The Bootstrap Method in SAS in a nutshell



Ruurd Bennink

    Ruurd Bennink, OCS Life Sciences

Author: Ruurd Bennink - Sr. Analist/Programmer

Idea behind the bootstrap method is to find an as accurate estimate as possible of the standard error of the mean (SE) when only limited data are available.

More detailed information about the bootstrap method can be found via this link. https://en.wikipedia.org/wiki/Bootstrapping_(statistics)

For example if an interim analysis is performed with just 10 subjects with primary parameter a change from baseline. Then there is not enough information to determine accurate estimates for the standard error of the mean. The bootstrap method picks randomly 10 observations from this dataset with replacement and repeats that 10, 20, 100 or 1000 times. The more often this is performed, the better estimates are possible for the standard error of the mean.
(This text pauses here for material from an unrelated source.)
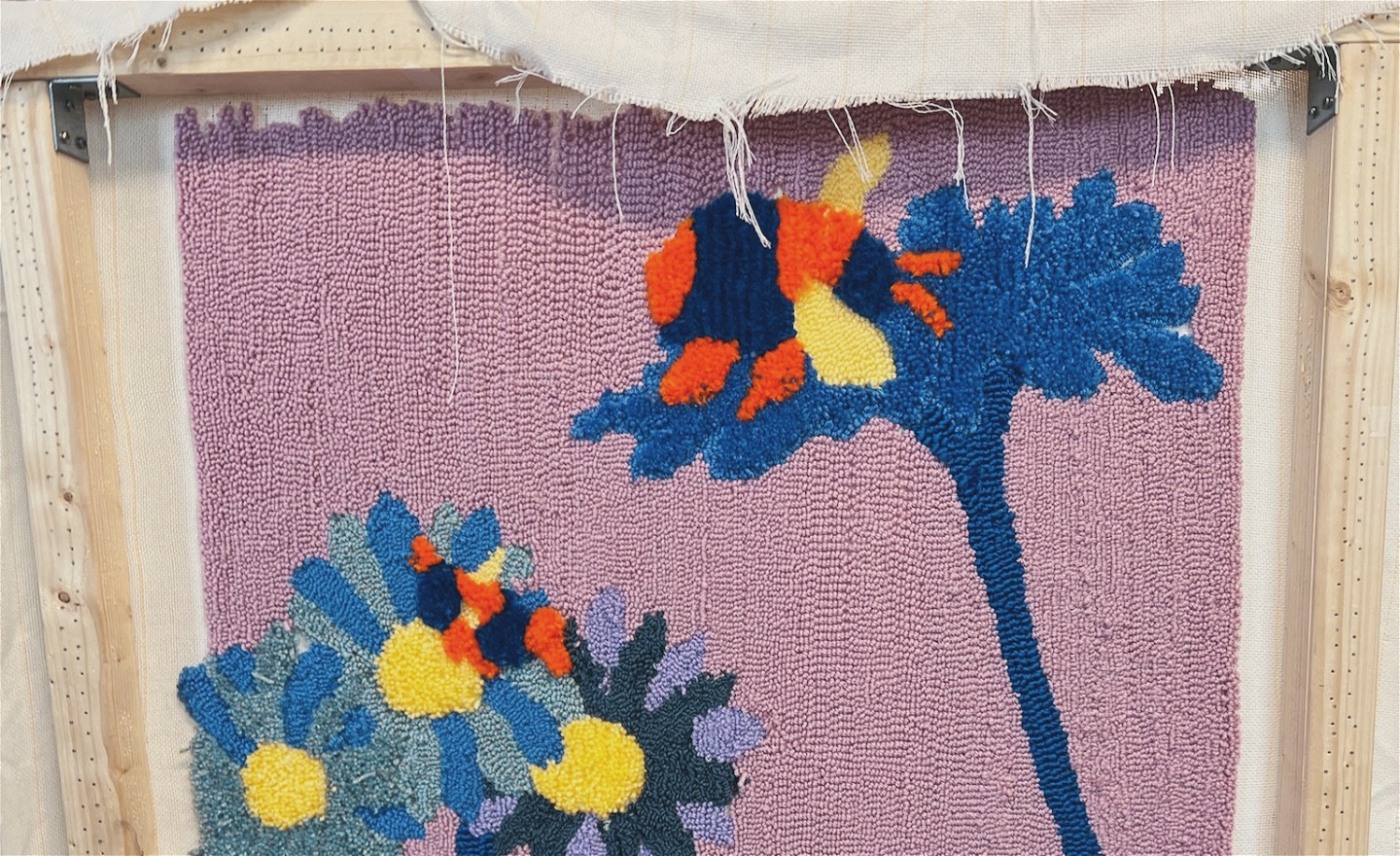 Man kan tufta med många olika teman i detta fall blommor och ett bi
Below the actual SAS program with comments included:


/* Create a datasets _ORIG with 10 random numbers */

DATA _orig;
      DROP j;
      DO j = 1 TO 10;
             x = Ranuni(1); /* Random numbers ranging from 0 to 1 from the uniform
                               distribution. Other distributions e.g. the normal
                               distribution are also fine. Because the seed > 0 each
                               run will create an identical dataset as the previous run */
             z = j; /* Marker for the jth observation. This makes it easier to
                       identify which observations occur more often in the dataset
                       BOOT&j in the next datastep */
             OUTPUT;
       END;
RUN;
%macro bootstrap;
  %do j=1 %to 1000; /* Create 1000 datasets with 10 samples with
                       replacement from dataset _ORIG */
  DATA boot&j;
      /* Pick 10 times randomly a number with replacement
         from the dataset _ORIG */
          DO obsi = 1 TO 10;
            k = Ceil(ranuni(0)*10);
              /* Use the CEIL function. If the Round function is used, also 0
                 would be a possible outcome and the 0th observation does not exist, 
                 but no ERROR/WARNING will appear in the SAS log! Besides that the
                 10th observation will then have a probability of 5% to be selected,
                 which makes the selection less random. 
                 Using seed = 0 means that the time of the day is used to initialize 
                 the seed stream. If a seed > 0 is used all datasets BOOT&j will be
                 identical! 
                 Here use only the uniform distribution to make sure that the 
                 observation numbers 1 to 10 have equal probability to be selected. */

        SET _orig Point=k;
              /* The POINT option points to the kth observation to be selected.
                 Because k is a random number ranging from 1 to 10 every time the
                 'Obsi' loop starts, some numbers may appear more than once, 
                 which reflects the resampling 'with replacement' element of the
                 Bootstrap method. */

            seqnum = &j; /* To identify the dataset, later to be used as BY
                            variable for e.g. PROC MEANS */

            OUTPUT;
            END;

    STOP; /* Mandatory for POINT= option */

  RUN;
  %end;

%mend bootstrap;

%bootstrap;

As a next step a PROC MEANS can be used to estimate the mean for each dataset BOOT&j and based on those means calculate the standard deviation of the mean. Another possibility is to append the datasets BOOT1 to BOOT1000 and use PROC MEANS with a BY statement, BY seqnum;

DATA total;
  %macro append;
    SET %do n=1 %to 1000; BOOT&n %end;
    ;
  %mend append;
%append;
RUN;